When it comes to creating attraction and keeping a woman attracted, a man definitely needs to exhibit masculine energy. He needs to have direction, focus, purpose, up to the challenge, stoicism, awareness, etc.
I think society has always put more of the burden on men and often catered to women. What we are seeing now is men who don't have masculine energy and the women are complaining about it. But the flipside is Masculine men aren't willing to commit to a woman with masculine energy. Many women have had to do life on their own and doing so took some masculine energy on their part to ensure their emotional and financial security. I'm sure
@BeExcellent could relate by the stories she has told. My last girlfriend had to do it and its mostly because of the feminine men she had in her life. It definitely tempers some of the feminine energy in a female when they have to live like men.

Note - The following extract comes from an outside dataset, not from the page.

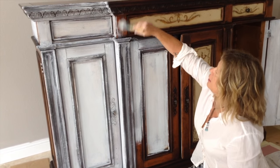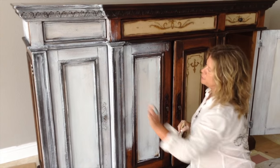So we've got the stain on, and that gives us a little bit of a darker pull through.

Apologies for being a little tardy to the discussion.
You know I had a lot of garbage to unlearn because my mother raised my sisters and I to be self reliant independent women, and my father raised us to be ladies, wives and mothers. The philosophical conflict therein should be self evident. My parents met in law school, both held JDs and were both legal professionals although my father was the high powered attorney. He insisted that my mother quit her Federal traveling position at OEO (male dominated in the 1960s) and become a SAHM. She resented him for requiring her to give up her career.
She wanted us to be able to fend for ourselves and not be dependent on a man....but she didn't understand the value of feminine energy. All my female relatives on my father's side were great wives and mothers as well as valuable marriage partners the men loved and held in high esteem. My parents were the only divorce in my entire extended family. Thankfully I had good examples outside my mother within my own family and also saw it in parents of my friends. The successfully married women knew something my mother didn't know, and relaxed into the leadership a solid man provides.

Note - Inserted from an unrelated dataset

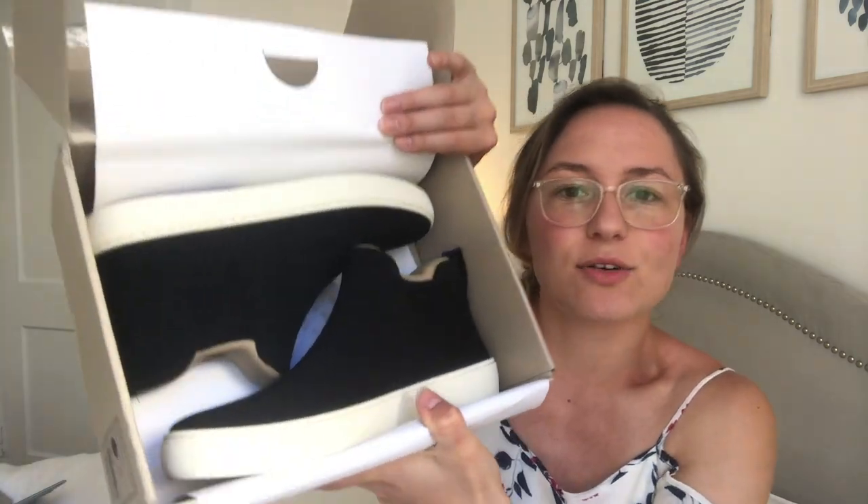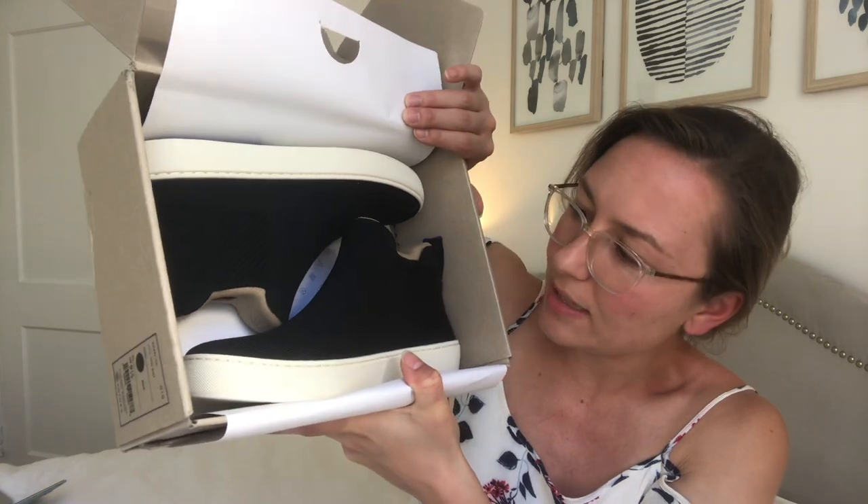Okay, so here's what the box looks like. Nothing too much to see here, but it is a little bit bigger than the other boxes. Here's what they look like in the box — let's get into these.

As much as you guys criticize male/female friendships it was really through my male friends that I learned the power of feminine energy. You see I was a tomboy and could play ball & talk guns, cars, hunting & fishing & sports.....but that wasn't what the guys found attractive in a girl. It was "girl stuff". I had girlfriends in college who educated me about "girl stuff" and I was already naturally very pretty, polite and poised, so I adapted. I had to not be such a tomboy, I learned.
In business I knew how to excel, was smart and ambitious, taught to go after what I want. But strangely that didn't work with men. I couldn't be direct and say "Gee, I really like you...."

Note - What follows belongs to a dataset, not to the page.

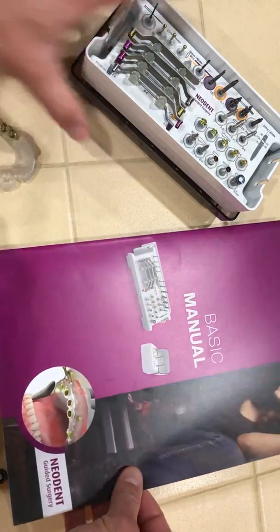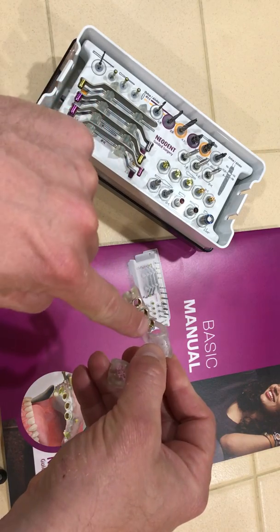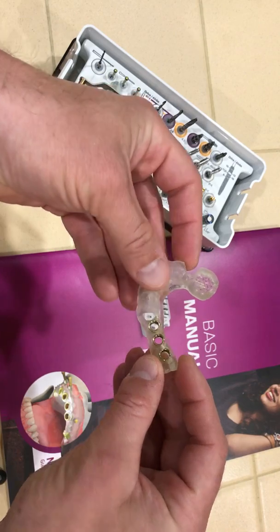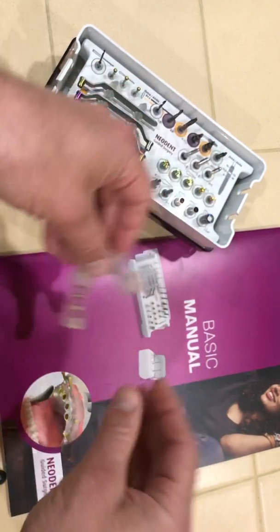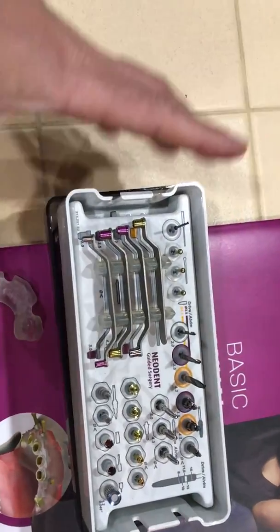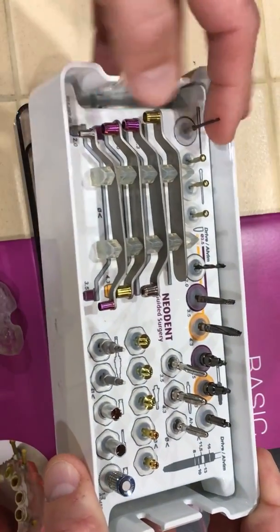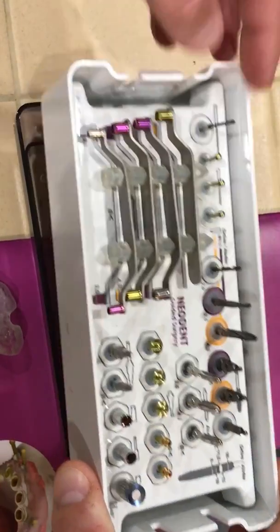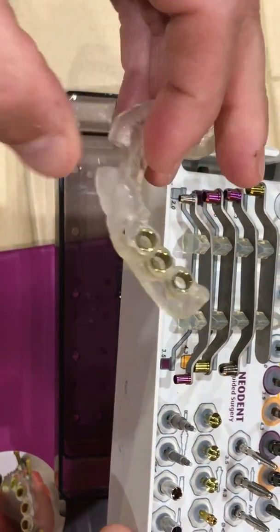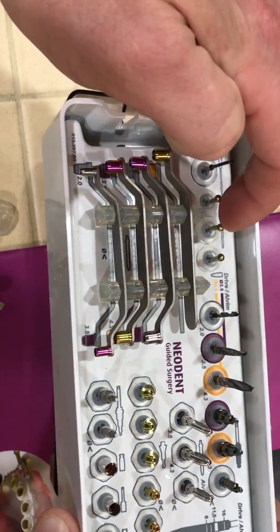Sometimes they ask some very interesting questions about things like the sleeves and sizes. This particular guide has regular sleeves that are yellow. Up in the upper left here is our fixation drill for the facial aspect of the guide. This one doesn't need it to help fix or lock the guide into position. It's a 1.3 drill, and then it has the pins — 1, 2, 3.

That was desperate. It was masculine energy. It ran off masculine guys. I could do that in business, but not with men I liked. So I had to learn the game in college. Thank God for my college girlfriends. They taught me what I hadn't learned at home. Lots of women with sensible feminine mothers grew up with a natural understanding of being feminine. I had to learn it much later and it seemed strange to me at first. But I learned.
I learned to compartmentalize and read social situations very well. I knew when to talk business or baseball & when to smile & twirl my hair. I became as much a student of game as you guys are. I was beautiful so that meant men were very interested in me anyway, but once I learned to embrace being female, then well that was the missing link.
The game fascinates me. In large measure because I had to learn it later in life than many women & in some ways I remain the tomboy who wants to hang out with the guys in the treehouse & build forts & play ball.
Quite the ramble. Now I recognize the importance of masculine/feminine polarity. Something my mother railed against & my father didn't explain. My grandmother knew. She taught us a lot in the time we had with her.
And I do my level best to teach my children. Even in this crazy gender bender world young people have to navigate. Its terribly important and gets overlooked.